My important place【D.Gray-man】
第4章 溝(どぶ)に捨てたもの
「ファインダーさんも。どうぞ」
「ぁ…はい」
促される掌に、恐る恐る指先を伸ばす。
初めての方舟だからしっかり覚えていたのに。
AKUMAウイルスや神田のことや、色んなことがあった所為か、記憶は朧気だった。
どうしよう。
大変まずいです。
「……」
えっと確か…6281、07…えっと──
「…え。
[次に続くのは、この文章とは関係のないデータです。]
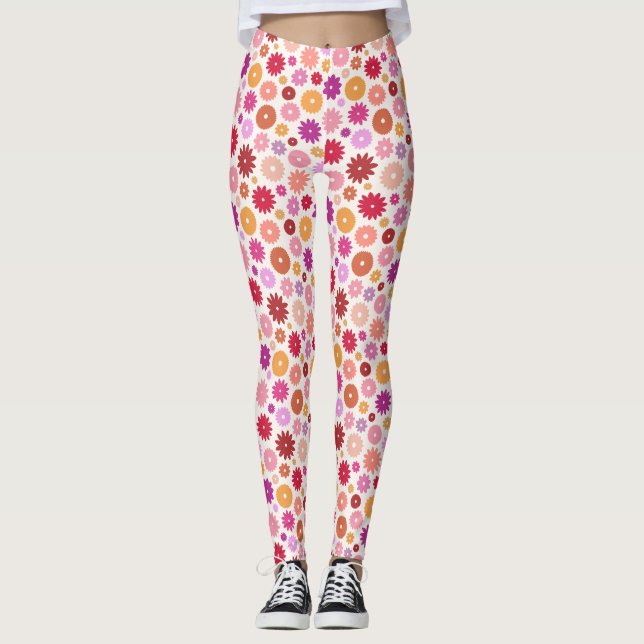 Colourful Blooms Pattern Leggings (Front)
」
「え?」
「?」
私がなぞった数字に、司祭さんが声を漏らして。
つられて私も声が漏れて。
そんな私達に、先に教会に踏み入れていた神田の怪訝な視線が向く。
…まさか。
「…違います」
ぎこちない笑みを浮かべて言った、司祭さんの言葉はまさかのものだった。
ま じ で す か。
「お前…」
あ、そんな目で見ないで。
心底阿呆なものを見る目を向けてくる神田に、思わず顔を逸らす。
そんな目で見ないで下さい、居た堪れないからっ。
「すみません。暗証番号が違うと、ゲートには通せなくて…」
ですよね!
安全第一の為に、少しでも味方か疑いが出た者は方舟ゲートには通せない。
教団本部が襲われてから、その確認は厳しくなっていた。
口を酸っぱくして警護班の人に教えられていたのに。
まさか間違えるなんて。
今までそんな重大なミスしたことなかったから、恥ずかしさと焦りと、ついでに神田の阿呆を見るような目に居た堪れない。
穴があったらとにかく入りたい。
「阿呆にも程があるだろ。この阿呆」
「ぃ、一回言えばわかるからッ」
呆れた顔した神田の手が、べしんっと私の頭を叩く。
甘んじて受け入れるから、その平手打ちも。
だから阿呆って言わないで。
自分が一番わかってるから!
──ズキ、
「…た、」
思わず叩かれた頭に手を置いていると不意に鈍い頭痛がして、私を見ていた神田の顔がぎょっとした。
え、何。
「え。」
ぬる、と額を何かが伝う感触。
思わず頭に置いていた手で、それに触れる。
目の前に下ろして見えたのは、掌に付いた真っ赤な血。
「神田さん、力入れ過ぎです…」
「お前の頭が脆過ぎんだろ…」
お互いに唖然と呟く。
平手打ちで出血って。どんだけ脆い頭ですか。